The cost differential between the two is roughly 12x on input tokens. For an agent where most interactions are conversational, this routing decision cuts inference spend significantly compared to running Sonnet uniformly. Haiku returns responses in under a second for typical inputs; Sonnet is slower and earns its cost only when its structured reasoning capability is actually needed.

The $2/day hard cap is enforced by accumulating token counts from the usage field in each API response and rejecting new inference requests once the daily total is exceeded. This bounds the cost from prompt injection attacks that trigger repeated tool calls, retry loops with a failing tool, or heavy traffic on a publicly accessible agent endpoint. Without a cap, a misbehaving agent is also an unbounded billing event. Implementing the cap at the application level means the agent can respond gracefully at budget exhaustion rather than surfacing raw API errors to users.

What the ChatOps Arc Teaches

The channel history was always the audit log. On IRC, that property required no configuration: every message the agent sent was in the channel, readable by any connected participant, replayable by scrolling or via the chathistory extension on a modern server. The migration to Slack and Discord preserved the automation but turned the audit trail into something operators had to engineer explicitly.

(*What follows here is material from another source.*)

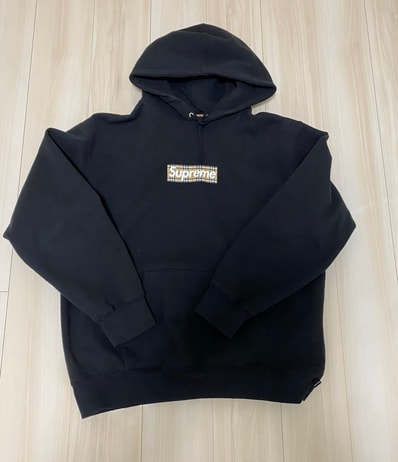 Supreme / Burberry Box Logo Hooded Sweatshirt "Black"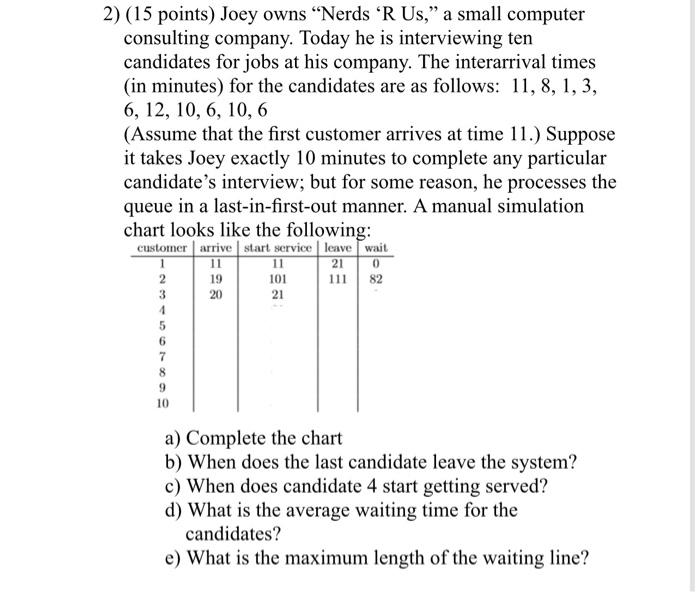 can you solve me this in xcel or paper 2) (15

An AI agent is harder to understand than a shell script. When a script deploys to production, you can read the script and predict the outcome. When an agent decides to compose multiple tool calls, interpret a structured API response, and update a calendar entry, the reasoning is context-dependent in ways that resist simple prediction. The case for an observable transport is stronger now than it was when Hubot launched.

For a personal AI agent at low traffic volume, IRC with a modern server like Ergo removes the practical obstacles that made the protocol feel dated. The core properties, multi-party channels, ordered delivery, presence, replay via chathistory, cover the same requirements as a purpose-built message broker at a fraction of the operational complexity. The debug session is an IRC client. The audit log is the channel history.

For Discord bot development, there is no clean equivalent. The transport makes the bot’s reasoning opaque by design. You can approximate the observable channel property by logging decision context to a dedicated audit channel, but it requires explicit discipline rather than falling out of the protocol. The billing passthrough pattern and the tiered inference routing both transfer directly from this project to any multi-agent Discord bot architecture. The transport-level observability does not.